[Input records]
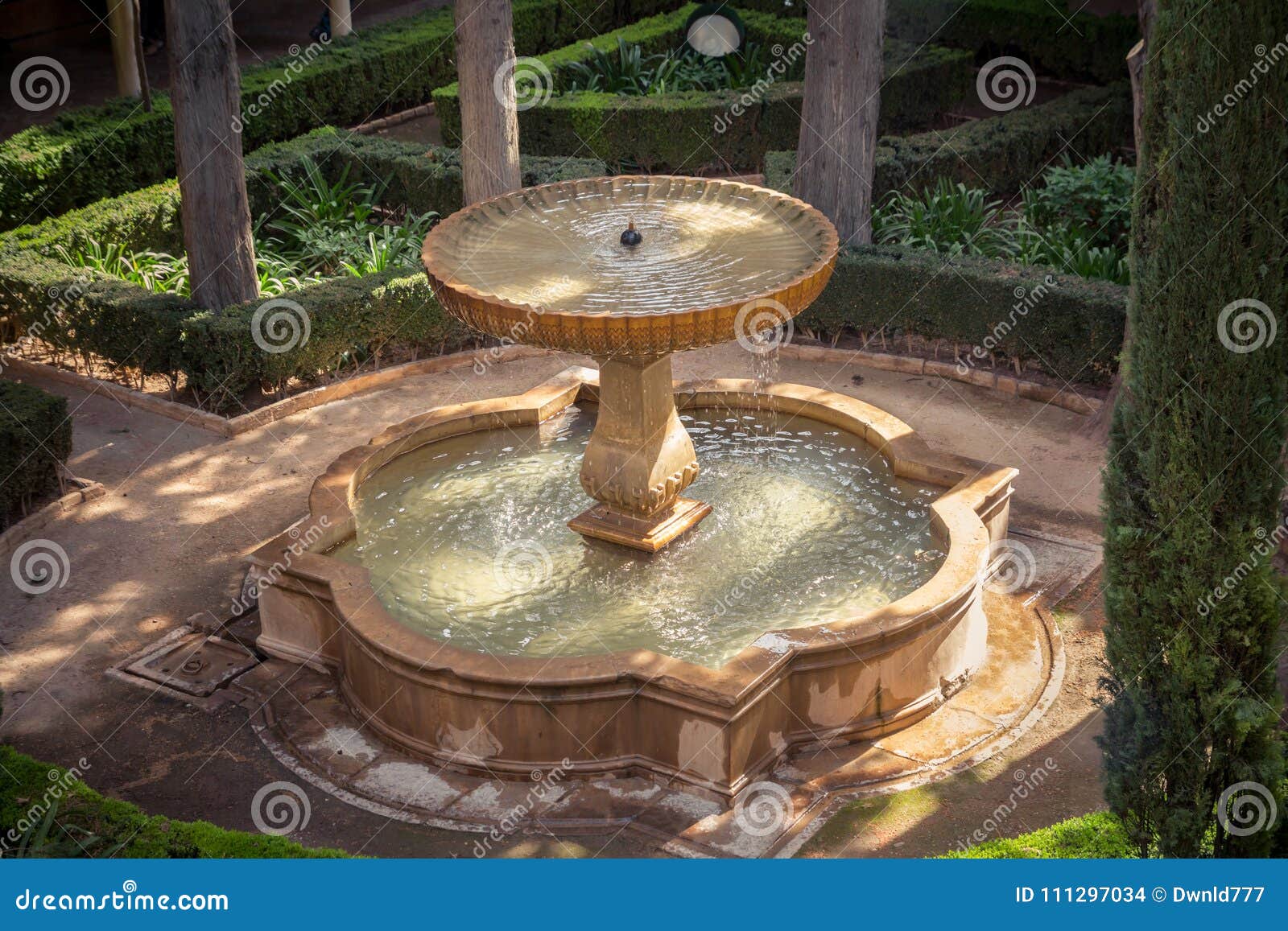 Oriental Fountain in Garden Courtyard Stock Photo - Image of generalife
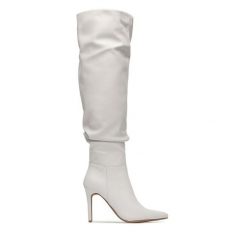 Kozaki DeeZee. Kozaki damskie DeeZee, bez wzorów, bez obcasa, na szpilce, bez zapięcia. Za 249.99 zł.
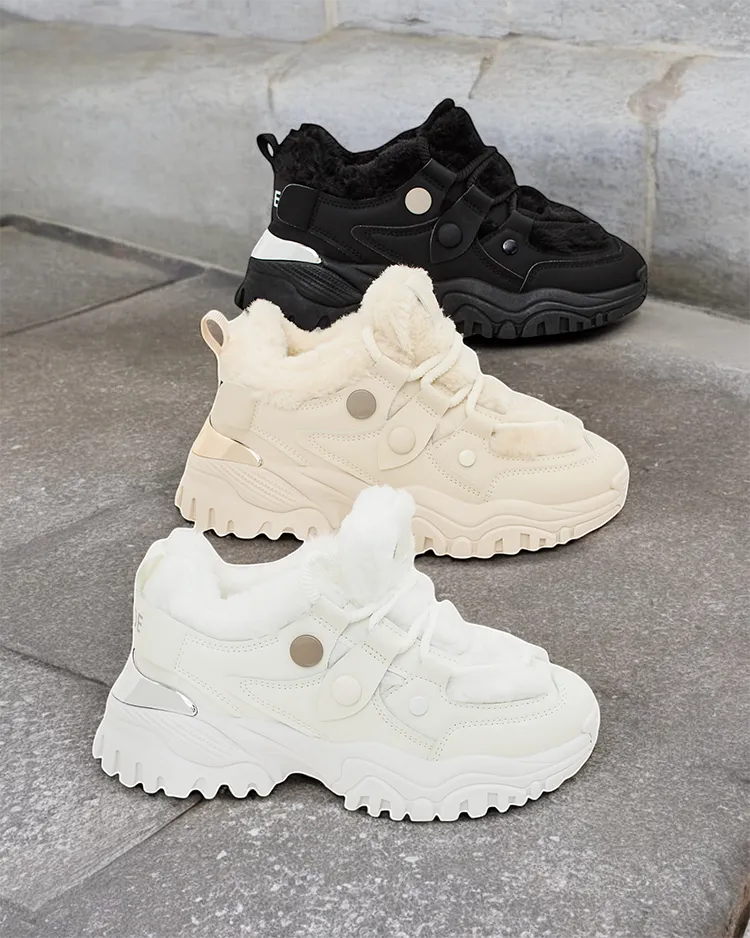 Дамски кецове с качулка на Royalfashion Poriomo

==

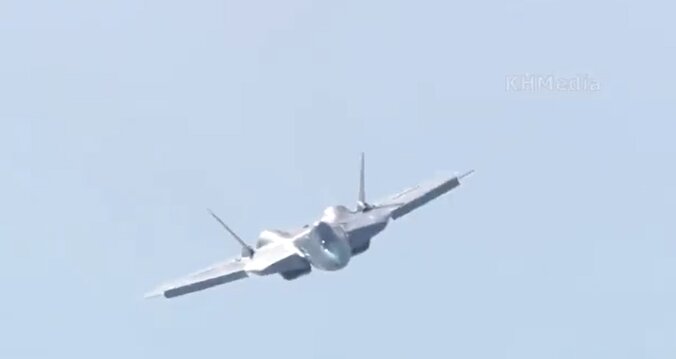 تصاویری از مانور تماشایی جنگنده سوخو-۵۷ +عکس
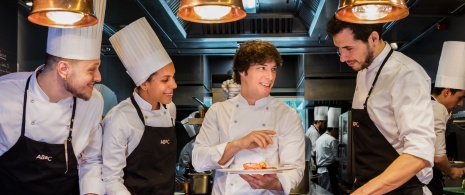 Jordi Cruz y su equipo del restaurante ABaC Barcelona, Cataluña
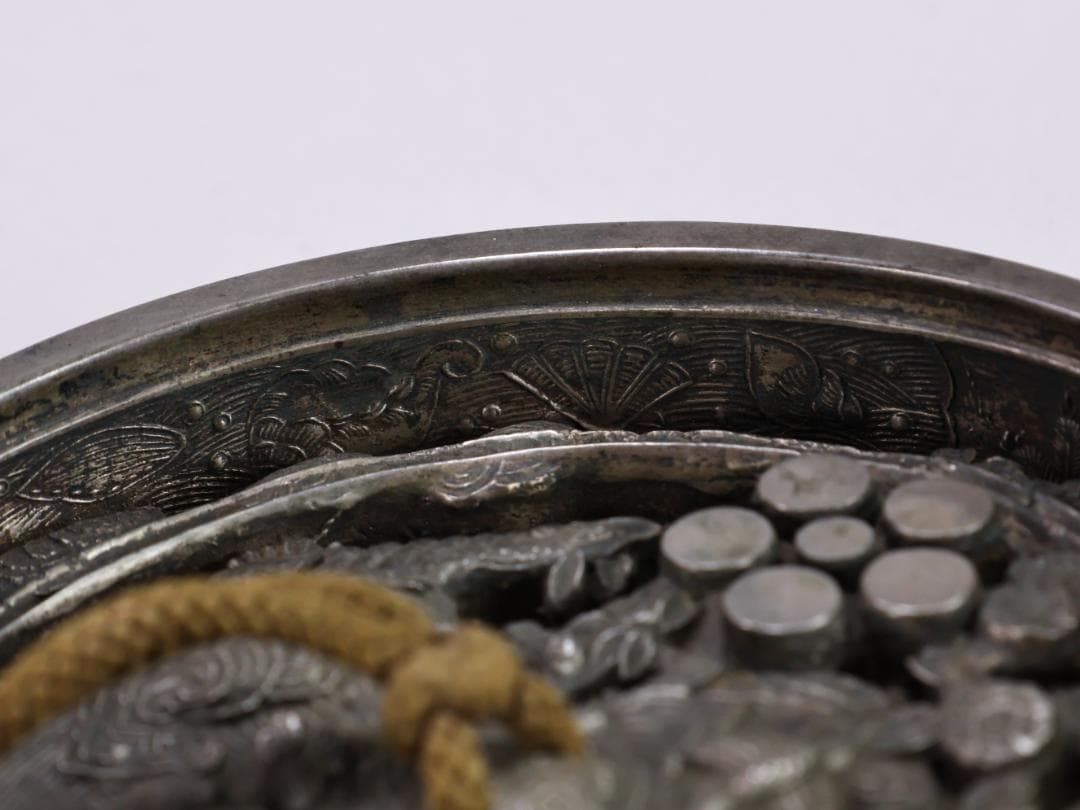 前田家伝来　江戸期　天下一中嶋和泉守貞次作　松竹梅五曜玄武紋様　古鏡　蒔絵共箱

[Task to complete] Copy word for word the lines of the records above from the one with "تصاویری از مانور تماشایی جنگنده سوخو-۵۷ +عکس" up to and including the one with "前田家伝来　江戸期　天下一中嶋和泉守貞次作　松竹梅五曜玄武紋様　古鏡　蒔絵共箱". Skip the pictures.

[Completed task]
 تصاویری از مانور تماشایی جنگنده سوخو-۵۷ +عکس
 Jordi Cruz y su equipo del restaurante ABaC Barcelona, Cataluña
 前田家伝来　江戸期　天下一中嶋和泉守貞次作　松竹梅五曜玄武紋様　古鏡　蒔絵共箱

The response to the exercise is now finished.